09 September 2012

Theodora Twist

MELISSA SENATE

I read an ARC of The Love Goddess' Cooking School in 2010, and I liked it so much that I put Melissa Senate on my list of authors to ready everything by. Since then I've picked up four more of her books, but this is the first one I've gotten around to reading. Theodora Twist is a YA novel, and I've kind of drifted away from YA over the last two or three years, so I wasn't sure how well I'd like it, but it was quite enjoyable.

Theodora is a 16 year old actress who's Hollywood star is quickly rising, almost as fast as her wild reputation. She's wrapping up a press junket for her new movie, and fielding questions from reporters eager to know more about her relationship with the Bellini brothers, twin singers who she is dating. Yes, she's dating both of them. At the same time. In private of course. To the reporters she keeps insisting “We're just good friends”. Until she gets fed up with the questions and causes a sensation which infuriates her agent.

Emily Fine is a 16 year old high school student, living an ordinary life in an ordinary town with her mother, stepfather and baby sister. She happens to live in the house Theodora grew up in, and for a few weeks in junior high she and Theodora were good friends, until Theodora dumped her with no explanation.

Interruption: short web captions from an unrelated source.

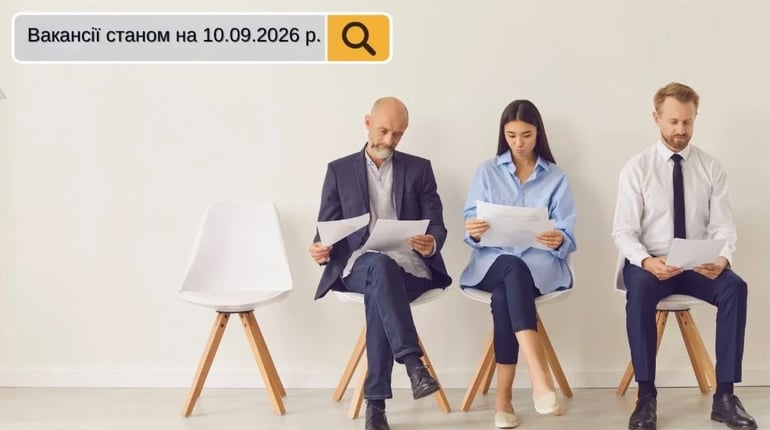 Робота в Південноукраїнську: свіжі вакансії та пропозиції на 10 вересня 2026року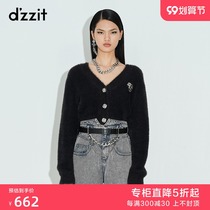Song Yan Fei Xiao Huang people with the same dzzit land Winter counter new cardigan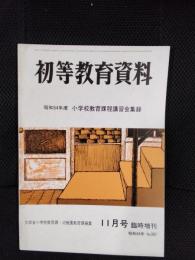 初等教育資料　昭和54年11月号臨時増刊　No.387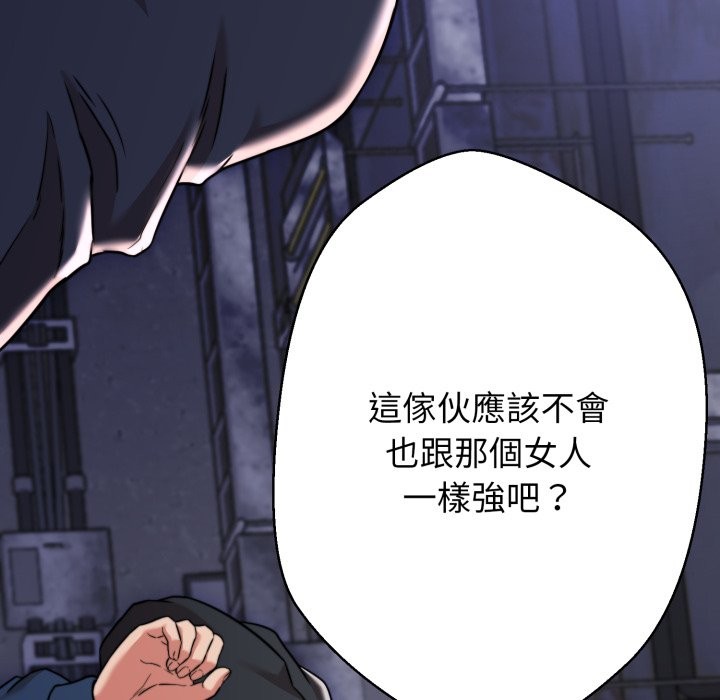 黑帮千金养成记第14話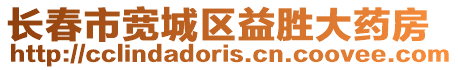 長春市寬城區益勝大藥房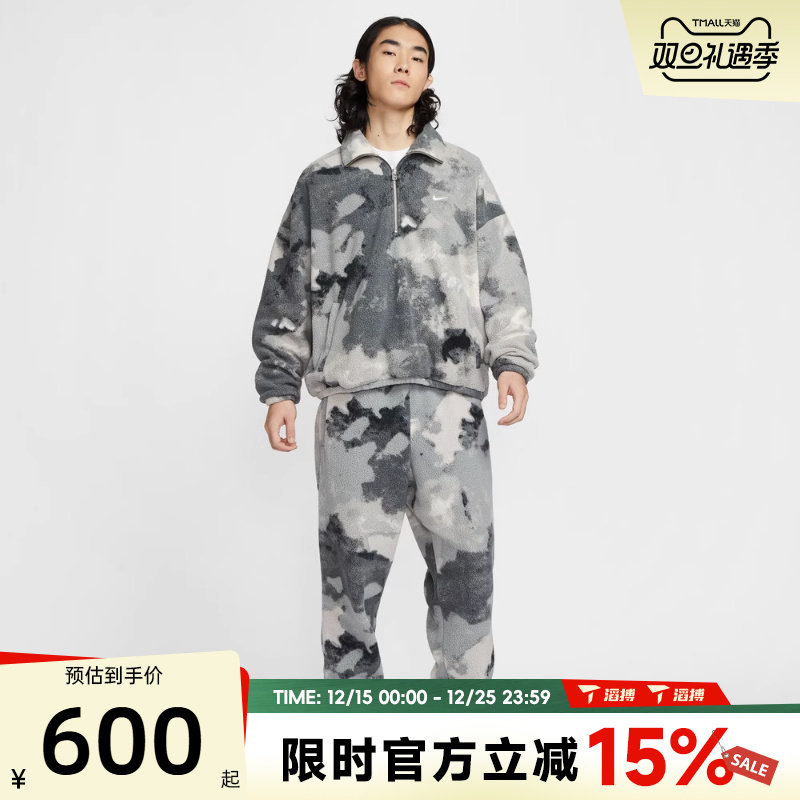 滔搏NIKE耐克男子SHERPA HZ NAOS运动健身夹克外套HV3542-068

Now Theodora is coming back to her home town to live with Emily and her family for a month. She's to attend high school with Emily and do everything she does, like a normal teenager. It's for a reality show designed to show America that at heart, Theodora IS just like every other teenage girl in America.

The book is written in first person POV, with the chapters alternating between Theodora and Emily. I was a little jarred at first, with Theodora talking about her sex life which began at 12 or 13. But other than their life styles, the girls' voices aren't much different, and a couple of times I had to pause to remember which one was narrating at that moment.

As with any teen novel, there is a small clique of mean girls, here known as the Samanthas, though only two of the four are actually named Samantha. I can't remember much to distinguish the one Samantha from the other, but whenever a Samantha was talking to Emily or Theodora, I pictured Dalia (played wonderfully by Carly Chaikin) from the TV show Suburgatory.

I can't say how well the average teenage girl would like this book as neither of my girls would've been interested in it - one of them only liked serious books with a strong female antagonist facing hardship and/or adversity, and the other didn't read much of anything other than the first few Pretty Little Liars books. But overall I found it to be a very enjoyable and amusing read.